*** Data provided ***

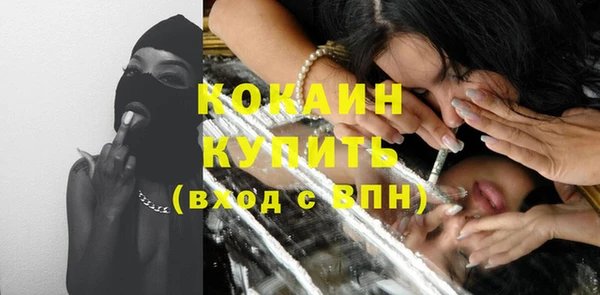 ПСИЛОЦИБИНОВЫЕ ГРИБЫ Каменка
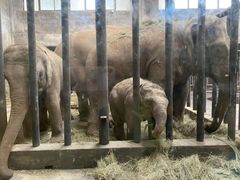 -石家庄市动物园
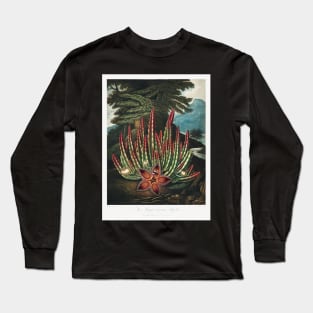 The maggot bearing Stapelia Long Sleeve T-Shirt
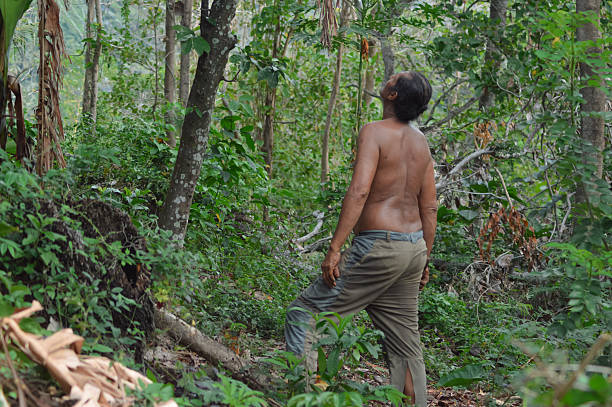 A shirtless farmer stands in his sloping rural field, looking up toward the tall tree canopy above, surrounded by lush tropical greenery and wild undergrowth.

*** End of Data provided ***

Restate the data word for word while omitting each picture.

**Response to this task:**
 ПСИЛОЦИБИНОВЫЕ ГРИБЫ Каменка
 -石家庄市动物园
 The maggot bearing Stapelia Long Sleeve T-Shirt
 A shirtless farmer stands in his sloping rural field, looking up toward the tall tree canopy above, surrounded by lush tropical greenery and wild undergrowth.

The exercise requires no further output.